§ **Problem**
Exact copy, no pictures: output each line below as it stands.

§ **Dataset content**
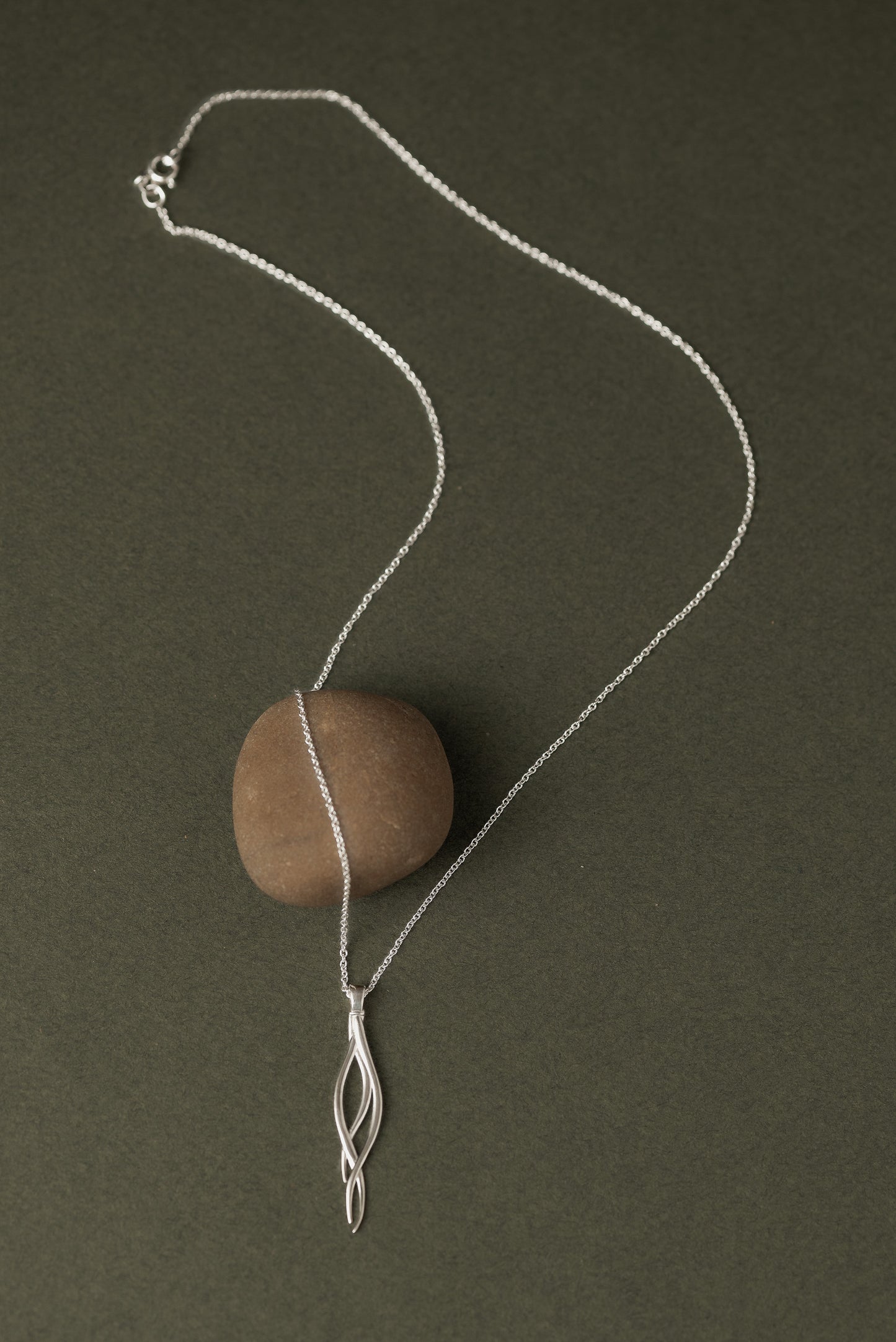 Marram Grass Movement Necklace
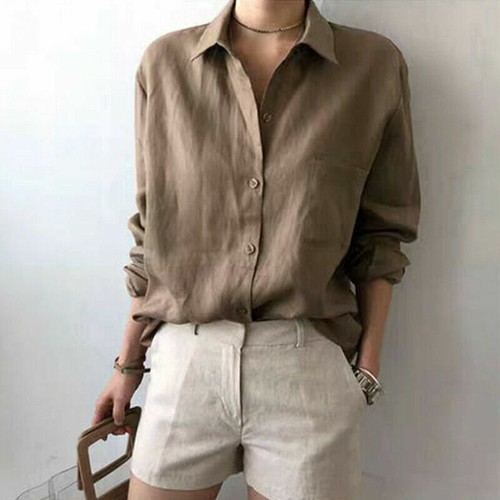 Camicie donna casual - , colletto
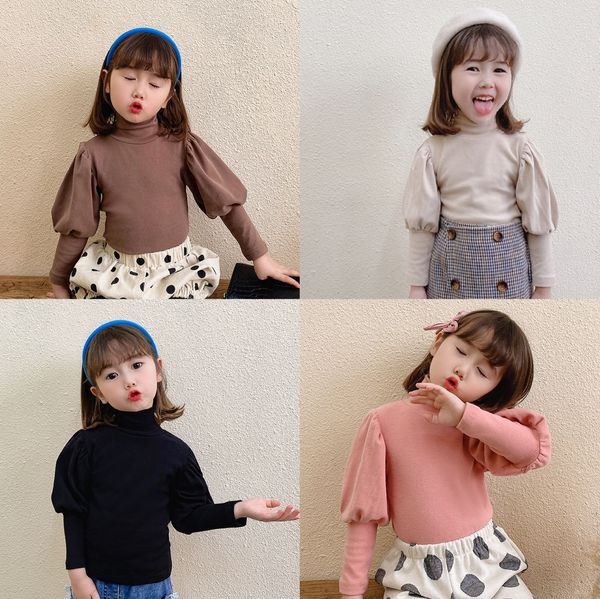 little kids girls blank puff sleeve designer fashions children cute tshirts pure cotton tees, Blue
little kids girls blank puff sleeve designer fashions children cute tshirts pure cotton tees, Blue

§ **Response area**
 Marram Grass Movement Necklace
 Camicie donna casual - , colletto
 little kids girls blank puff sleeve designer fashions children cute tshirts pure cotton tees, Blue
little kids girls blank puff sleeve designer fashions children cute tshirts pure cotton tees, Blue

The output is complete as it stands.